財産開示手続とは

債務者の財産を差し押さえるためには

売掛金や貸付金などの支払いを求めて裁判を起こし、支払いを命じる判決が言い渡されたにもかかわらず、相手方が支払いをしてくれない、というご相談をお受けすることがよくあります。

判決があれば、債務者が所有している不動産や預貯金、給与、売掛先などの財産を差し押さえて債権を回収することができます。

判決に基づいて債務者の財産を差し押さえるためには、不動産の場合は競売申立、預貯金や給与、売掛金などの場合は債権差押申立というものを裁判所に対して申し立てる必要がありますが、具体的にどういった財産を差し押さえるかという特定は債権者が行わなければなりません。

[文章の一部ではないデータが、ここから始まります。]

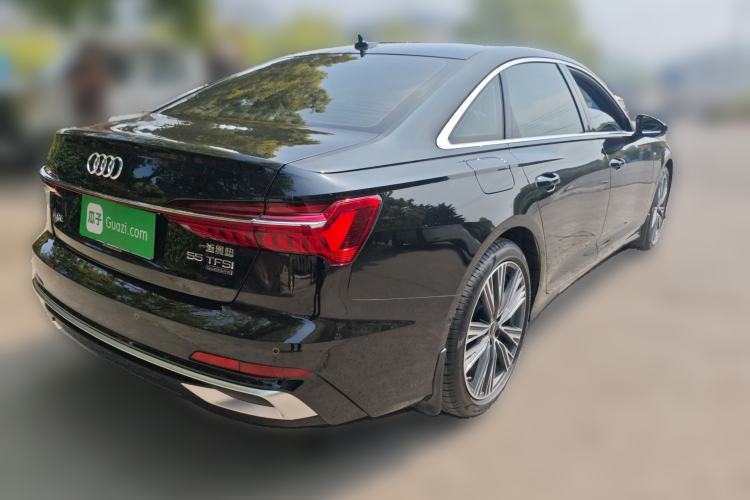 Used Audi A6L 2025 Restyled 45 TFSI quattro Prestige Dynamic Edition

不動産であれば地番や家屋番号、預貯金であれば金融機関と支店名、給与であれば勤務先、売掛金であれば売掛先、といったものです。

裁判所が調べてくれるわけではないのです。

しかし、債務者がどんな財産を有しているかわからないことがほとんどだと思います。

そこで登場するのが財産開示手続という手続きです。

財産開示手続とは

財産開示手続とは、簡単に言うと、裁判所を通じて債務者がどういう財産を有しているかを述べさせる手続です。

財産開示手続という制度自体は2004年に制定されたものでしたが、債務者が裁判所からの呼び出しに応じなかったり、自身が持つ財産について嘘をついたりした場合のペナルティは30万円以下の過料(刑事罰ではなく行政罰の括りになります。)のみであり、あまり実効性がないと言われてきました。

しかし、財産開示手続について定めている民事執行法という法律が2020年に改正され、裁判所からの呼び出しに応じない、あるいは自身の財産について嘘をついた場合には6月以下の懲役又は50万円以下の罰金という懲役刑を含む刑事罰が科されるようになりました。

実際にも、裁判所からの呼び出しに応じなかった債務者に対し債権者が警察に告発した結果、書類送検されたという事例も出てきています。

弊所でも、財産開示手続の結果呼び出しに応じなかった債務者がいたため警察に告発をしたところ、告発が受理された事案があります。この事案では、警察の捜査が入った結果、債務者から債権額全額を支払うという申し出があり、無事に全額を回収することができました。

このように、現在では、財産開示手続は債権回収の手段として一定の成果を上げられるようになっています。